Harvin v. United States, 6382.
Decision Date | 29 November 1972 |
Docket Number | No. 6382.,6382. |
Citation | 297 A.2d 774 |
Parties | Bennie HARVIN, Jr., Appellant, v. UNITED STATES, Appellee. |
Court | D.C. Court of Appeals |
Gregory C. Brady, Asst. U. S. Atty., with whom Harold H. Titus, Jr., U. S. Atty., and John A. Terry, Asst. U. S. Atty., were on the brief, for appellee.
Before KELLY, KERN and PAIR, Associate Judges.
After a jury trial, appellant was found guilty of receiving stolen property1 and unauthorized use of a vehicle.2 While several claims of error are urged on appeal, we find it necessary to consider only one — the contention that the trial court improperly restricted the scope of questions addressed to the panel of prospective jurors during the voir dire. We agree and reverse.
The record discloses that, pursuant to Super.Ct.Crim. Rule 24(a), the trial court permitted counsel to conduct the voir dire of the panel of prospective jurors, but improperly restricted defense counsel in certain important respects.3 We set out at length one interchange between the court and defense counsel:
The foregoing portion of the record establishes conclusively that counsel, perhaps inartfully,4 sought to query on voir dire whether any prospective juror would be more likely to give greater credence to the testimony of a police officer merely because he is a police officer than to any other witness.
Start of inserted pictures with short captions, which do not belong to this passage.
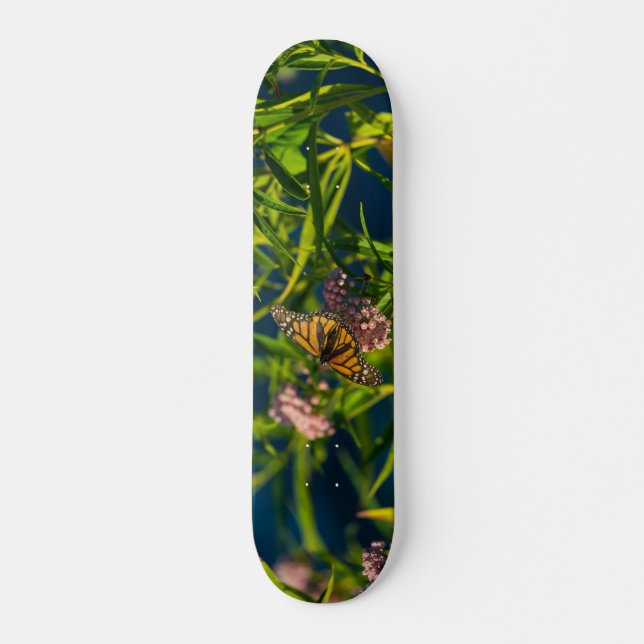 Skateboard Monarque Et Milkweed (Devant)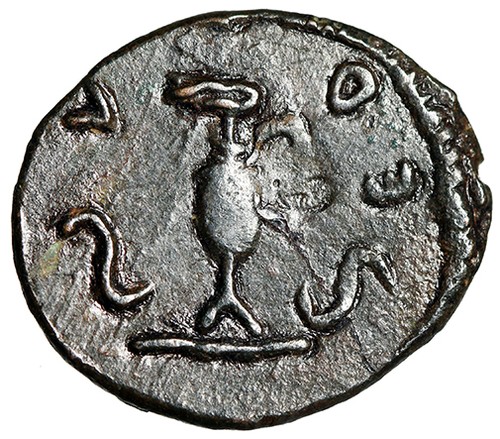 Barbarous tetricus radiate - tetricus,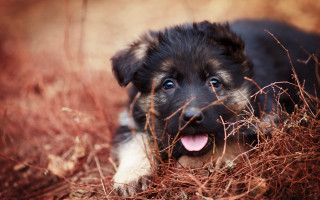Puppy grass tongue smile blue - a puppy free wallpaper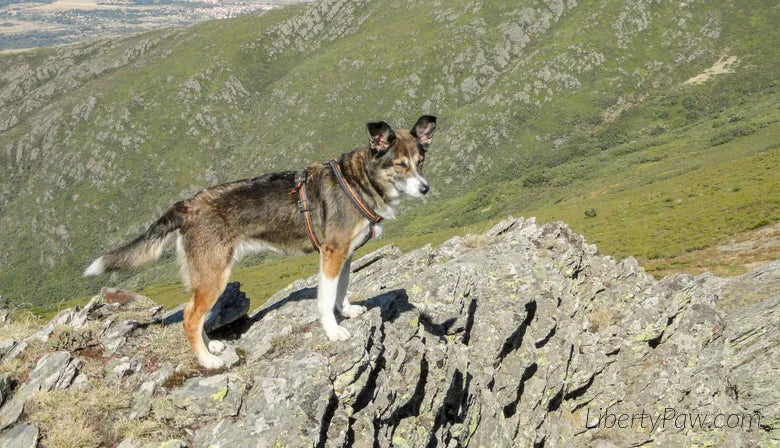 Norwegian Lundehund standing on a rocky mountain ridge wearing a harness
Since the trial judge had not undertaken the voir dire, counsel was entitled under controlling case law in this jurisdiction to propound this question to the prospective members of the jury panel.
True it is that the trial court possesses a "broad discretion as to the questions to be asked" during the voir dire, but the exercise of that discretion is "subject to the essential demands of fairness." Aldridge v. United States, 283 U.S. 308, 310, 51 S.Ct. 470, 471, 75 L.Ed. 1054 (1931). In this jurisdiction it has been held to constitute reversible error for the trial court to fail to ask on voir dire, when requested, questions of similar import. Brown v. United States, 119 U.S.App.D.C. 203, 338 F.2d 543 (1964); Sellers v. United States, 106 U.S.App.D.C. 209, 271 F.2d 475 (1959) (per curiam); cf. United States v. Gore, 435 F.2d 1110 (4th Cir. 1970) and Chavez v. United States, 258 F. 2d 816 (10th Cir. 1958) (dictum), cert. denied sub nom., Tenorio v. United States, 359 U.S. 916, 79 S.Ct. 592, 3 L.Ed.2d 577 (1959).5
In Sellers, supra, and Brown, supra, virtually the entire cases for the Government consisted of testimony by law enforcement officers, and in the latter case it was said: We construe [Sellers] as establishing that when important testimony is anticipated from certain categories of witnesses, whose official or semi-official status is such that a juror might reasonably be more, or less, inclined to credit their testimony, a query as to whether a juror would have such an inclination is not only appropriate but should be given if requested. Failure to make appropriate inquiry, when requested, does not necessarily require reversal; the issue turns on the degree of impact which the testimony in question would be likely to have had on the jury and what part such testimony played in the case as a whole. . . .6 [119 U.S.App.D.C. at 205, 338 F.2d at 545; emphasis supplied.]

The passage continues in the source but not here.